# 1. Strings to Hashes

In [None]:
from spacy.lang.en import English

nlp = English()
doc = nlp("I have a cat")

cat_hash = nlp.vocab.strings['cat']
print(cat_hash)

cat_string = nlp.vocab.strings[cat_hash]
print(cat_string)

In [None]:
person_hash = nlp.vocab.strings['PERSON']
print(person_hash)

person_string = nlp.vocab.strings[person_hash]
print(person_string)

# 2. Creating a Doc

In [None]:
from spacy.lang.en import English
from spacy.tokens import Doc

nlp = English()

words = ['spaCy', 'is', 'cool', '!']
spaces = [True, True, False, False]

doc = Doc(nlp.vocab, words=words, spaces=spaces)
print(doc.text)

In [None]:
words = ['Go', ',', 'get', 'started', '!']
spaces = [False, True, True, False, False]

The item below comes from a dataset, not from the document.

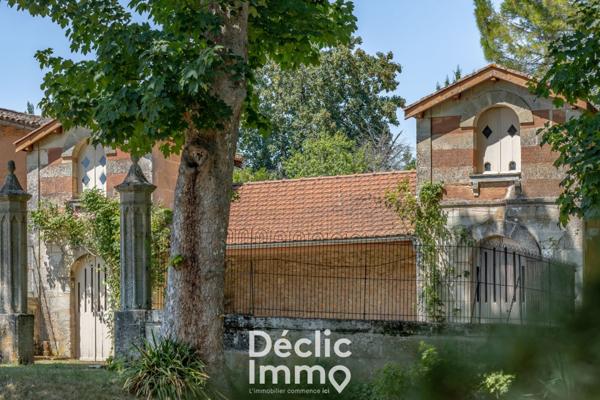 Vente maison Blaye, 484m² 9000m² 17 pièces 745 000€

doc = Doc(nlp.vocab, words=words, spaces=spaces)
print(doc.text)

# 3. Docs, Spans, and entities from Scratch

In [None]:
from spacy.lang.en import English
from spacy.tokens import Doc, Span

nlp = English()

words = ['I', 'like', 'David', 'Bowie']
spaces = [True, True, True, False]

doc = Doc(nlp.vocab, words=words, spaces=spaces)
print(doc.text)

span = Span(doc, start=2, end=4, label='PERSON')
print(span.text, span.label_)

doc.ents = [span]

print([(ent.text, ent.label_) for ent in doc.ents])

In [None]:
import spacy

nlp = spacy.load("en_core_web_sm")
doc = nlp("Berlin looks like a nice city")

# Collect all proper nouns that are followed by a verb
for token in doc:
    if token.pos_ == "PROPN":
        if doc[token.i + 1].pos_ == "VERB":
            print("Found proper noun before a verb: ", token.text)

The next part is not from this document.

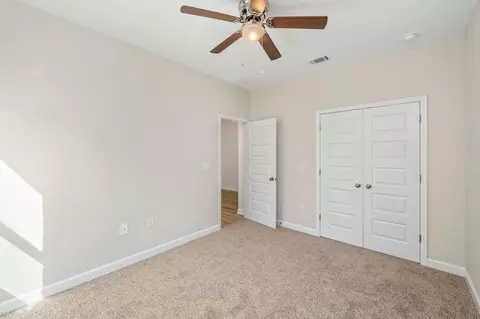 Bedroom - 2808 Blackbird Ct, Crestview, FL 32539 photo 2 of 4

# 4. Inspecting Word Vectors

In [None]:
!python3 -m spacy download en_core_web_md

In [None]:
import en_core_web_md

nlp = en_core_web_md.load()

doc = nlp("Two bananas in pyjamas")

bananas_vector = doc[1].vector
print(bananas_vector)

# 5. Comparing Similarities

In [None]:
doc_1 = nlp("It's a warm summer day")
doc_2 = nlp("It's sunny outside")

similarity = doc_1.similarity(doc_2)
print(similarity)

In [None]:
doc = nlp("TV and Books")
token_1, token_2 = doc[0], doc[2]

similarity = token_1.similarity(token_2)
print(similarity)

In [None]:
doc = nlp("This was a great restaurant. Afterwards, we went to a really nice bar.")

span_1 = doc[3:5]
span_2 = doc[12:15]

print(span_1)
print(span_2)

similarity = span_1.similarity(span_2)
print(similarity)

# 6. Debugging Patterns

In [None]:
import spacy
from spacy.matcher import Matcher

nlp = spacy.load("en_core_web_sm")
doc = nlp(
    "Twitch Prime, the perks program for Amazon Prime members offering free "
    "loot, games and other benefits, is ditching one of its best features: "
    "ad-free viewing. According to an email sent out to Amazon Prime members "
    "today, ad-free viewing will no longer be included as a part of Twitch "
    "Prime for new members, beginning on September 14. However, members with "
    "existing annual subscriptions will be able to continue to enjoy ad-free "
    "viewing until their subscription comes up for renewal. Those with "
    "monthly subscriptions will have access to ad-free viewing until October 15."
)

pattern_1 = [{"LOWER": "amazon"}, {"IS_TITLE": True, "POS": "PROPN"}]
pattern_2 = [{"LOWER": "ad"}, {"IS_PUNCT":True}, {"LOWER":"free"}, {"POS": "NOUN"}]

matcher = Matcher(nlp.vocab)
matcher.add("PATTERN_1", None, pattern_1)
matcher.add("PATTERN_2", None, pattern_2)

for match_id, start, end in matcher(doc):
    print(doc.vocab.strings[match_id], doc[start:end].text)